When reading aloud, however, nothing gets blurred. Every word is equal. And while I won't claim that it's impossible for one's mind to drift when reading aloud — it's a very odd experience when it happens — it's certainly much less frequent, particularly if you're trying to put a little passion into the narrative, and convey the sense of the prose beyond the plain words.
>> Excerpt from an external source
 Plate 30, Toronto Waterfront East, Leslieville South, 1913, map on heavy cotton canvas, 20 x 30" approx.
What I like most about reading aloud is sharing the experience of the book with someone I love. This happens with commercial audiobooks as well, but there's something less intimate about hearing a stranger read. (An exception is when the author reads his or her own book.) Part of the experience of sharing the book involves interrupting the narrative for comments or even discussion. Pausing and resuming is easy with a live reader, but clumsier when the book is playing through the car's audio system. Car audio systems also make it almost impossible to bump back a sentence or two, or to re-read a particularly delicious passage.
Our latest project is our most ambitious read-aloud yet: The 230-odd thousand words of The Woman in White. Based on an unabridged commercial audiobook, this should require a total of about 28 hours to read aloud. I've been reading it using the Phree Book Reader application on my Windows Phone, so I can still keep going even when we're driving at night.
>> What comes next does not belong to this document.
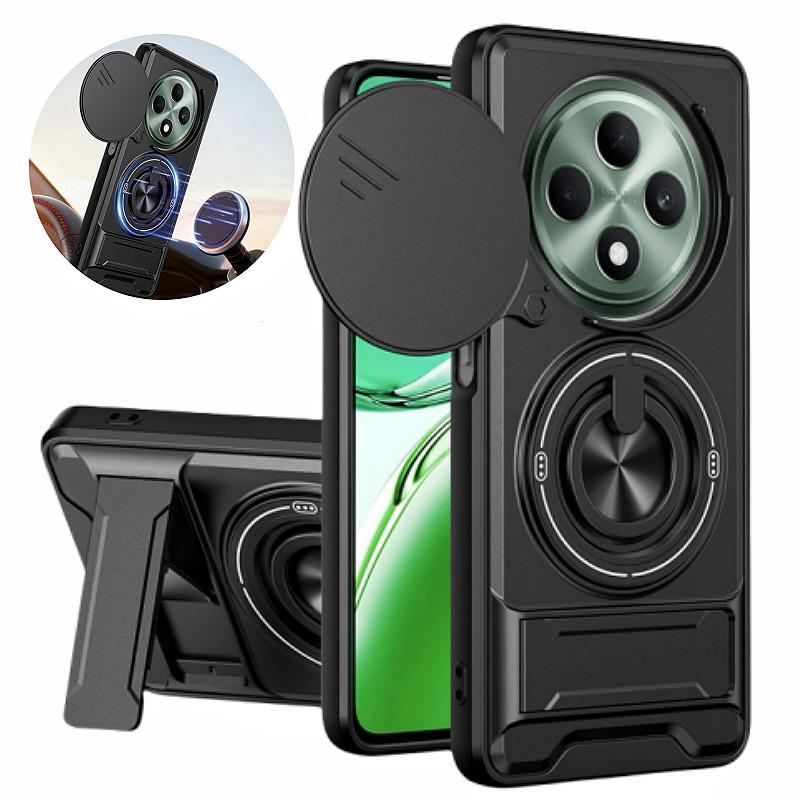 Armor Funda For OPPO Reno12 F 5G Case Lens Protector Cover For Reno 12F Reno12 F Reno12F 5G Car Magnetic Ring Stand Holder Funda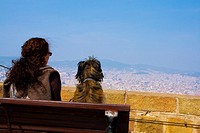 Contemplating Barcelona city from Montjuic castel.Europe, Spain, Catalonia.Marzo 2010.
Neither Deirdre nor I have ever read any Wilkie Collins before, but we're enjoying The Woman in White immensely. It's a sheer joy to read aloud, and anyone who tries it will become convinced that Wilkie Collins wrote the novel specifically for this purpose. Whenever there's dialogue, it's usually quite obvious who is speaking. It's easy to differentiate the characters and only rarely will I stumble on awkward sentences. The Woman in White is one of the first Victorian "sensation novels," so drifting into a spooky or melodramatic voice is part of the fun.
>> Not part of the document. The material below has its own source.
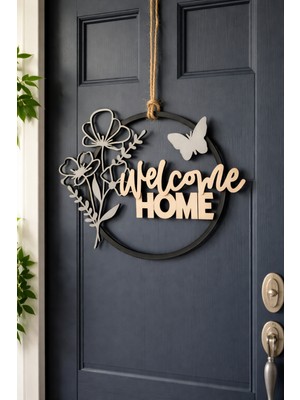 Antilop Welcome Home Yazılı Modern Kapı Süsü – Çiçek ve Kelebek Figürlü Duvar & Kapı Dekoru
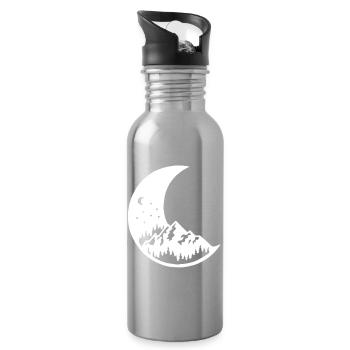 The moon and the white mountain - Water bottle with straw - silver - Right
We recently passed the half-way point in The Woman in White, and in the section we're in at the moment, I try to do a neutral but somewhat passionate voice for Marian (who is the diarist and hence narrator); a light airy voice for Laura; a very gruff and mean voice for Sir Percival; a mellifluous rhythm for Count Fosco — I don't do accents, and particularly not Italian accents — and cold and matter-of-fact for Fosco's wife. The servants get a vague working-class accent, either high or low depending on gender.
The Woman in White was published just over 150 years ago, first in installments in Charles Dickens' periodical All the Year Round and then in a common Victorian three-volume "triple-decker" book edition. Of course I've read other novels from this period, but by reading The Woman in White aloud, I feel much more of a connection with those original readers in 1859 and 1860 who also shared the novel in this way. Neither Deirdre nor I know the plot or what's going to happen, so in that respect the novel seems almost as new and as fresh to us as it certainly was to them.
By reading The Woman in White aloud, I feel part of an important literary and family tradition, and I can imagine myself occupying the same psychic space as those many others who read the book aloud with their families a long time ago, but with as much delight as I'm having now.